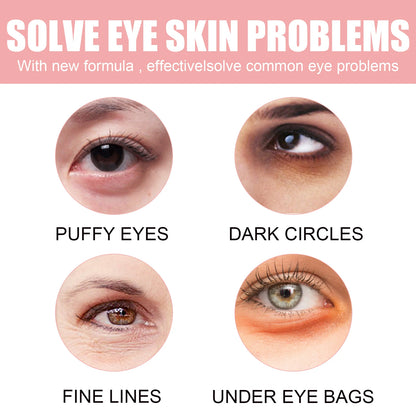 60pcs Rose Eye Mask Fades Fine Lines, Eye Bags, Dark Circles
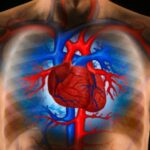 heart-disease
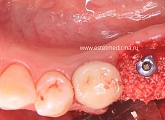 Одномоментное удаление зуба и установка дентального имплантата
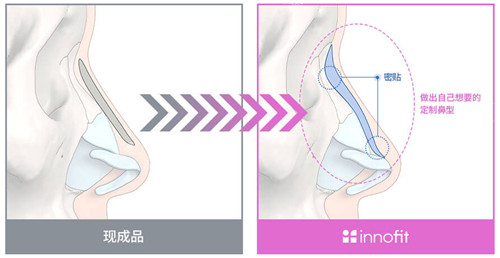 innofit 3D打印鼻整形对比照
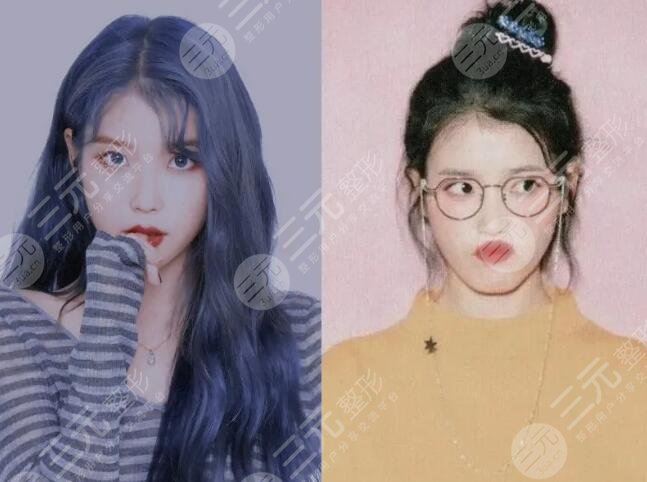 IU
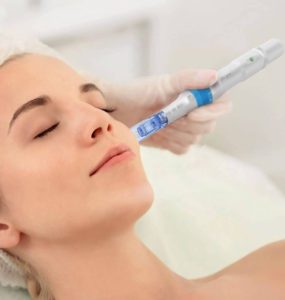 Microneedling in Dubai_Dermapen Microneedling_Esteem Medical Clinic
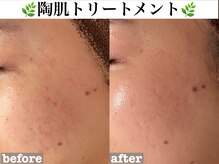 ホワイトアクア 錦糸町店(WHITE AQUA)/ハーブピーリング/東京/錦糸町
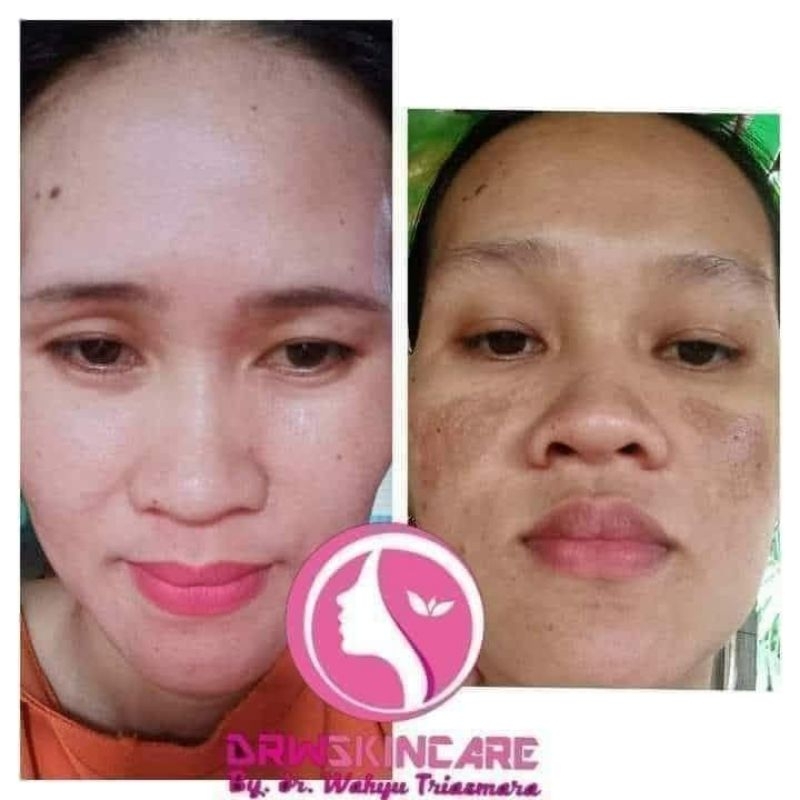 Berbagai produk kecantikan dr drw skincare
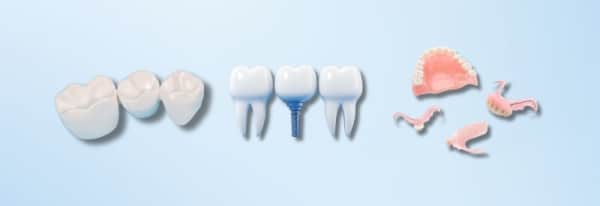 Options for missing teeth, implant, denture or bridge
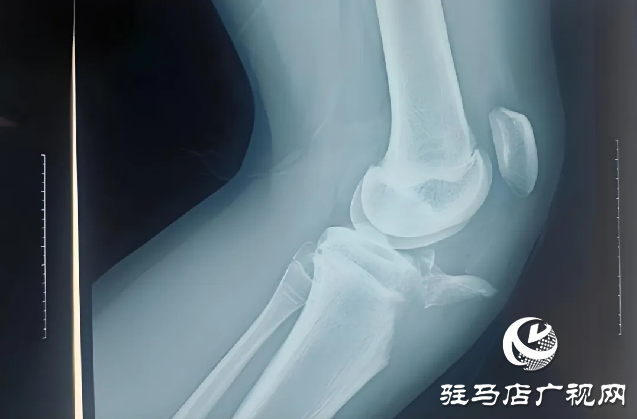 青少年運動時需注意脛骨結(jié)節(jié)撕脫性骨折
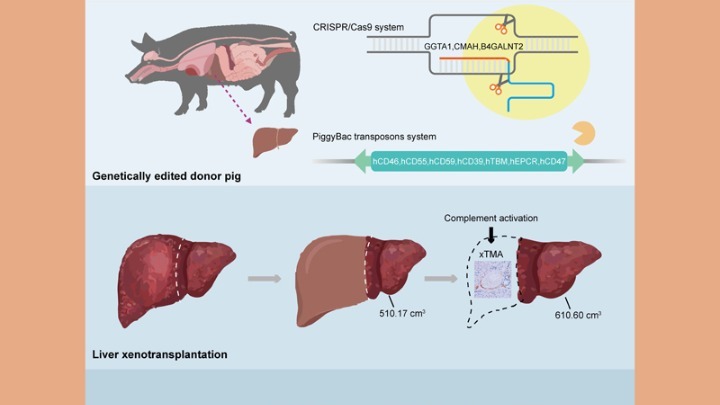 Πρωτοποριακή Ξενομεταμόσχευση Ηπατος από Χοίρο σε Άνθρωπο: Νέοι Δρόμοι στην Ιατρική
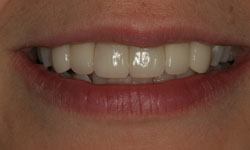 Brighter smile after dental care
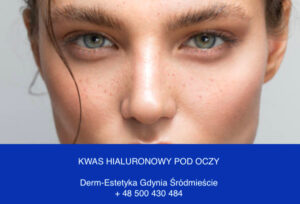 kwas hialuronowy pod oczy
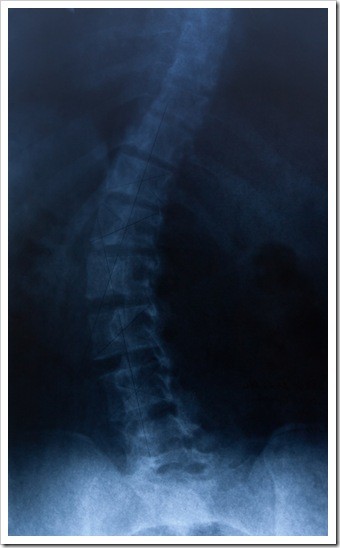 Jackson MS Scoliosis Treatment
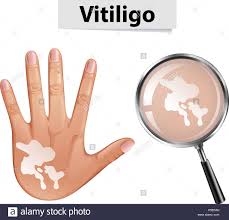 ducrest's tweet photo. #VitiligoAwarness - Antioxidant Supplements in Combination With Phototherapy for #Vitiligo https://t.co/GObHq96sr9; oral antioxidants may enhance responses to phototherapy, however trials with large sample sizes are warranted https://t.co/Soo3Foriw6
#dermatology #dermatologia https://t.co/01Kc6BRDta
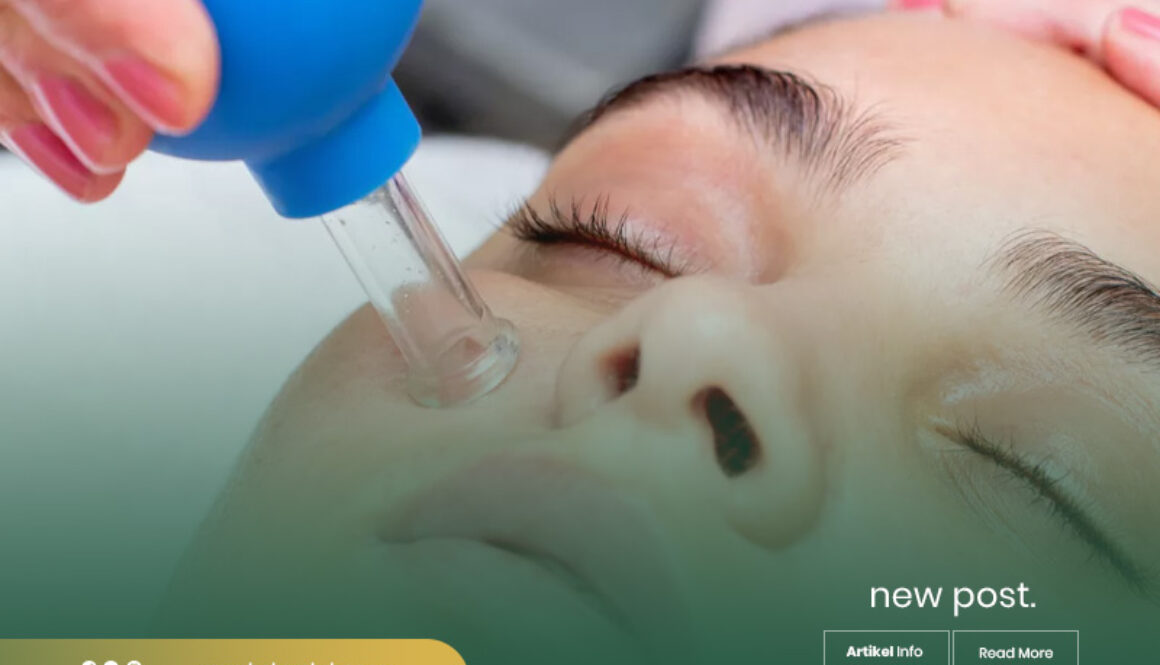 pusat-terapi-bekam-dan-gurah-malang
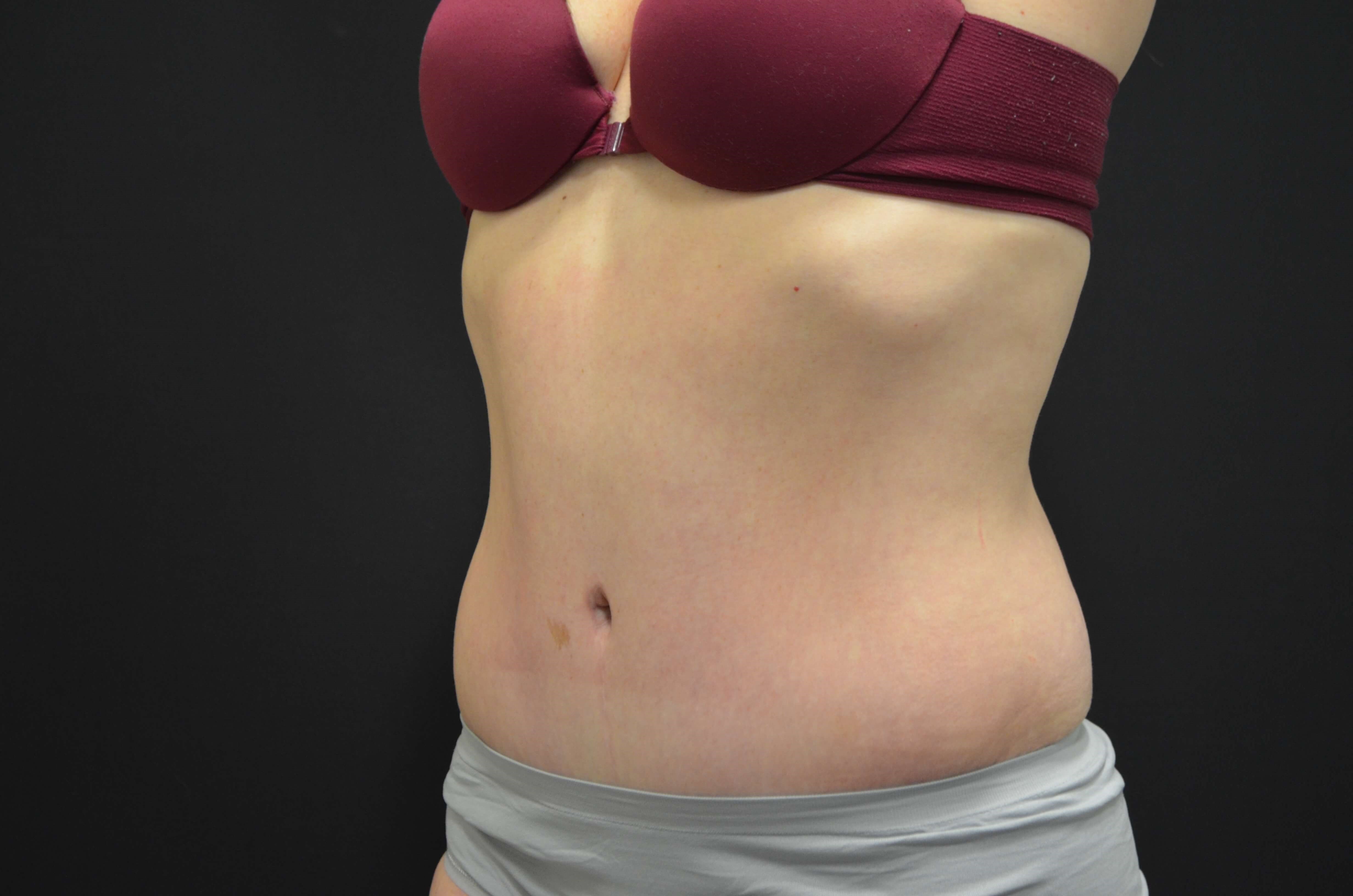 Tummy Tuck- Hinsdale, IL After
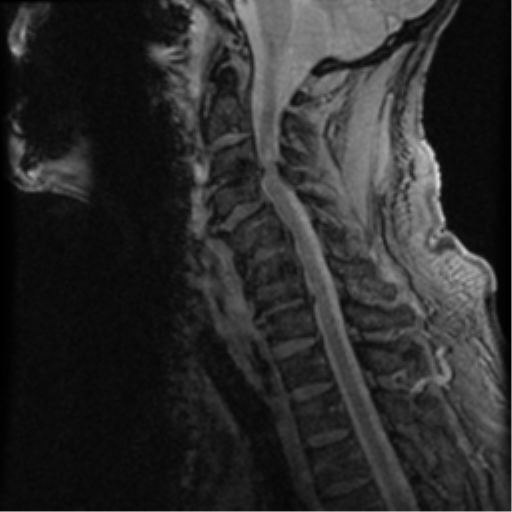 File:Cervical canal stenosis with cord compression (Radiopaedia 34114-35374 D 12).png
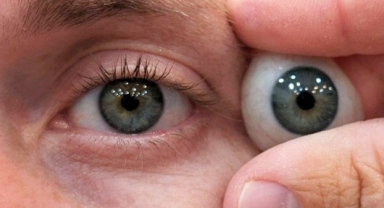 Protez Göz Mucizesi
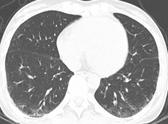 - 대한내과학회지 : 제 73 권부록 2 호 2007 - Clinicopathological findings in the subsets of pulmonary-renal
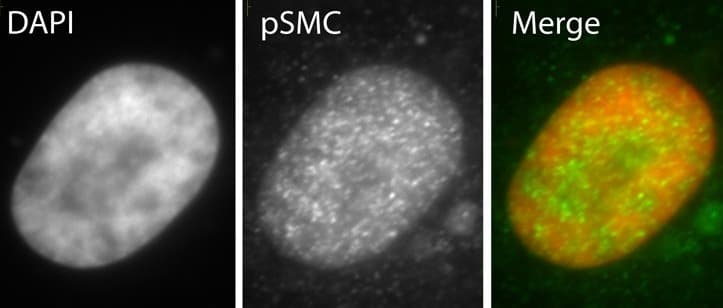 Anti-SMC1A (phospho S966) antibody(AB1276)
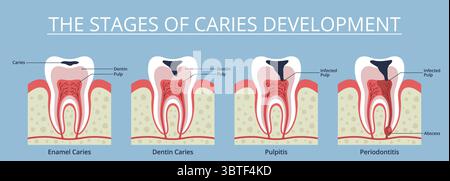 Stades de la carie. Processus graduel de carie dentaire, violation de l'intégrité de l'émail, programme d'éducation dentaire, affiche médicale sur les maux de dents, clinique de stomatologie Illustration de Vecteur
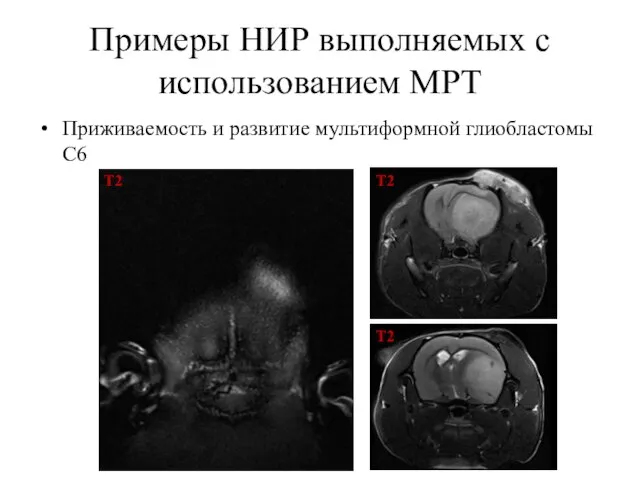 Примеры НИР выполняемых с использованием МРТ Приживаемость и развитие мультиформной глиобластомы С6 T2 T2 T2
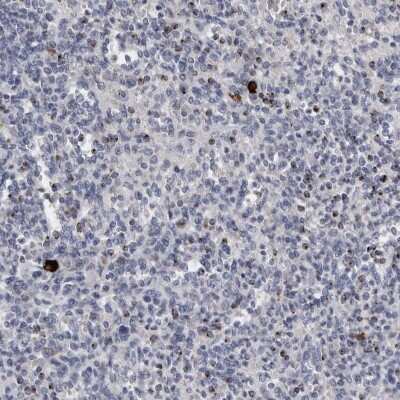 Immunohistochemistry-Paraffin: Granzyme H Antibody [NBP1-86565] - Staining of human spleen shows high expression.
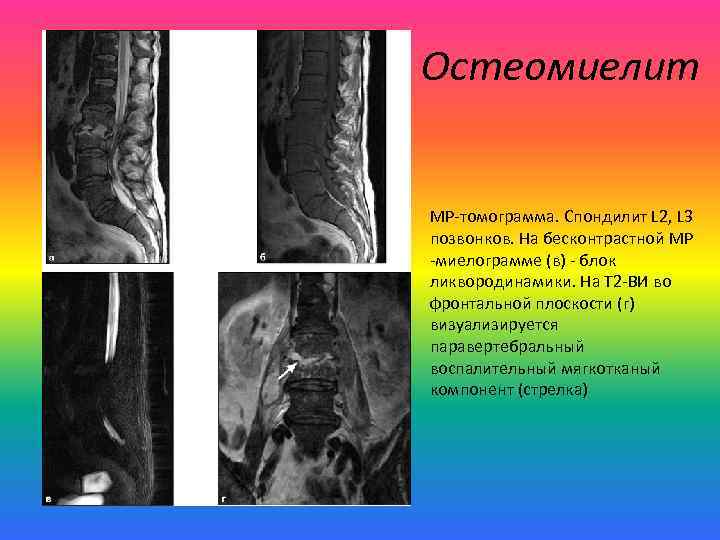 Остеомиелит МР-томограмма. Спондилит L 2, L 3 позвонков. На бесконтрастной МР -миелограмме (в) -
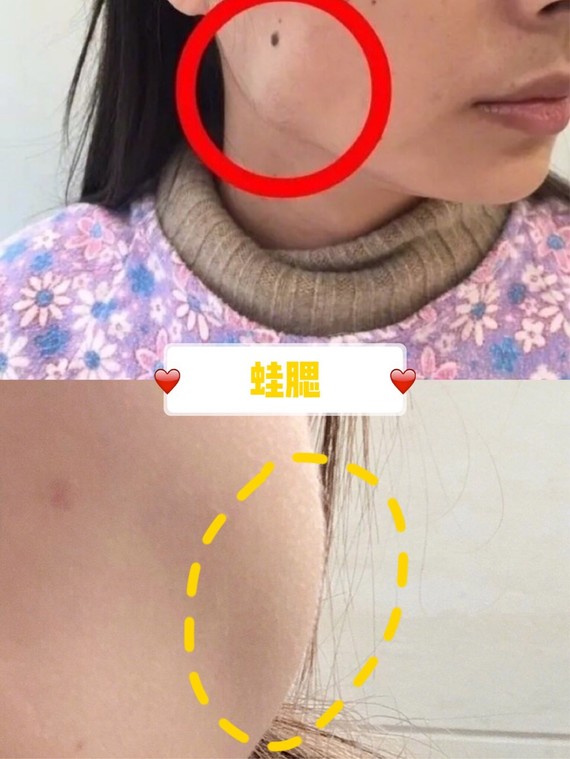 打瘦脸针有哪些危害?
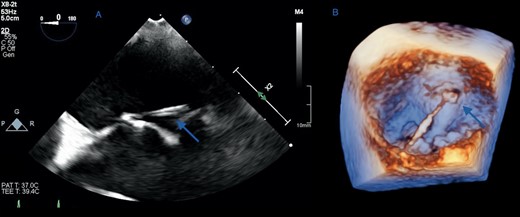 (A) Two-dimensional transoesophageal echocardiographic view of the mitral fibrous band in the horizontal mid-oesophageal plane showing an attachment at the base of the anterior mitral valve leaflet (arrow). (B) Three-dimensional reconstruction of the mitral valve in the ‘surgeon’s view’ shows the band in its entirety measuring 23 mm in length, running perpendicular to the commissural line from the posterior mitral annulus to the base of the middle scallop of the anterior leaflet (arrows).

******************************

# [WHAT YOU SHOULD DO]
Please output the listing above exactly from its first line through the line with "kwas hialuronowy pod oczy", both included, and nothing beyond that line. Omit pictures.

# [RESPONSE TO THE TASK]
 60pcs Rose Eye Mask Fades Fine Lines, Eye Bags, Dark Circles
 heart-disease
 Одномоментное удаление зуба и установка дентального имплантата
 innofit 3D打印鼻整形对比照
 IU
 Microneedling in Dubai_Dermapen Microneedling_Esteem Medical Clinic
 ホワイトアクア 錦糸町店(WHITE AQUA)/ハーブピーリング/東京/錦糸町
 Berbagai produk kecantikan dr drw skincare
 Options for missing teeth, implant, denture or bridge
 青少年運動時需注意脛骨結(jié)節(jié)撕脫性骨折
 Πρωτοποριακή Ξενομεταμόσχευση Ηπατος από Χοίρο σε Άνθρωπο: Νέοι Δρόμοι στην Ιατρική
 Brighter smile after dental care
 kwas hialuronowy pod oczy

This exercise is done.